#DigitalPPG is a recurring column by Charisse Lambert, a writer specializing in the convergence of sports, tech, and urban brand campaigns.
How we watch sports is about to change in a major way. And at the heart of that transformation is a familiar gaming technology—virtual reality. What was once seen as fantasy, VR technology has quickly entered the sports world, and is changing the way coaches conduct practice and train players. It is also enhancing the fan experience by allowing an all-access approach to fans’ favorite sports teams, enabling the masses to experience what only a limited number might otherwise enjoy.
STriVR Labs, which stands for Sports Training in Virtual Reality, is a leader in the sports VR space. The company’s client list includes at least six NFL teams and even more college teams, including Arkansas, Auburn, Vanderbilt and Clemson. Video is shot on a 360-degree camera cluster atop a lightweight tripod, which is placed alongside selected players in practice. The video is uploaded to a VR database, where it can be viewed through an Oculus Rift headset.
The benefits of using VR technology is not lost on many who play contact sports like football, where injuries are an inevitable part of the game and head trauma has become a part of the public conversation. Programs are venturing into virtual reality as a perfect step forward in the world of athletic training. Because the mind has no way of distinguishing between a real situation and one generated by the technology, it is the ideal means of supplementing work on the field, on the court, on the ice, to further a player’s skill development and knowledge of the game.
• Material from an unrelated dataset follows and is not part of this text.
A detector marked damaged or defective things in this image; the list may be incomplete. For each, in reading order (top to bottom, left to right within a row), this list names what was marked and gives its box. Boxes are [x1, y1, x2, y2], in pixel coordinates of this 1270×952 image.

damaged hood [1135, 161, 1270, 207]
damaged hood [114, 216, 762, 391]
What virtual reality brings to the table is the ability to let athletes practice without stepping on the field, increasing reps while minimizing injuries.
At present, virtual reality is a high-end product that comes at significant expense. But that will likely change—as soon as this year. In the same ways that the earliest high definition tech wasn’t yet completely streamlined when networks began to switch to HD, we are still in the infancy of VR and the headsets on the market have yet to be perfected. But as companies like Samsung develop smaller, more comfortable VR wearables, many predict that the technology will see a boom similar to that of HD in the early 2000s.
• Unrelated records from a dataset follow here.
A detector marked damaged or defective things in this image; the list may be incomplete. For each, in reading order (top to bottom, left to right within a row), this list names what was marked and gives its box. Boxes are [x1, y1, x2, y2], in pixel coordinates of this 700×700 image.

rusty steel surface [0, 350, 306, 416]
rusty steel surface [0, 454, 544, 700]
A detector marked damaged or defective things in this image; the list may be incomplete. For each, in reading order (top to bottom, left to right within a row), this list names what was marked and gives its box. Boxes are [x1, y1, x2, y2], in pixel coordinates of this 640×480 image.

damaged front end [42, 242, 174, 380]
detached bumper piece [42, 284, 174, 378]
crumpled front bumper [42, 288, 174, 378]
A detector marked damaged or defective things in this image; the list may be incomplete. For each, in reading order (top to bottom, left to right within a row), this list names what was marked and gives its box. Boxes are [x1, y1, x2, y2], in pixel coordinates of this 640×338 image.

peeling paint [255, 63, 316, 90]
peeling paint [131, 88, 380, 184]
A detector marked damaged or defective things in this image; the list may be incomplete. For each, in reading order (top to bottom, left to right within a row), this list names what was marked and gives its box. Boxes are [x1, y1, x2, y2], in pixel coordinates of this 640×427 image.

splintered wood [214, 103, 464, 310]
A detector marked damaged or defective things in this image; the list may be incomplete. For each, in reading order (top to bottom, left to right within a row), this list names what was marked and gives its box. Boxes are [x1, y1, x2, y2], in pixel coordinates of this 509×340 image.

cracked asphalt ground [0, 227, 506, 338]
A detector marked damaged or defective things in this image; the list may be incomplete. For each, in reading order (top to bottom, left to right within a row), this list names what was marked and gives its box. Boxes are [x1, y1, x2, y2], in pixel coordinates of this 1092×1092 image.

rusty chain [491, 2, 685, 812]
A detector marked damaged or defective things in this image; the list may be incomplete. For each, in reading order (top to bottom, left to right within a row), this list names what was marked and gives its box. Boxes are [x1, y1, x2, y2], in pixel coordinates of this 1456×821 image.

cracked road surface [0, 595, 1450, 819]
And as the price point drops, look for the interest from teams and leagues in monetizing virtual reality to continue to skyrocket. The NBA made history on opening night this season when it became the first major sports league to offer a live-streamed version of a game in virtual reality. NASCAR and the NFL both have been in experimental stages with using the technology to stream events. Recently, FOX Sports began collaborating with company NextVR to bring live VR coverage of the Premier Boxing Champions (PBC) matches. And there was even the recent announcement from CNET founder Halsey Minor of a virtual reality network launching in the second quarter of this year that will focus on sports and music events.
It’s still early, but I am calling it: Viewing live sports via virtual reality will be the next big breakthrough on the sports broadcasting landscape. Mark it.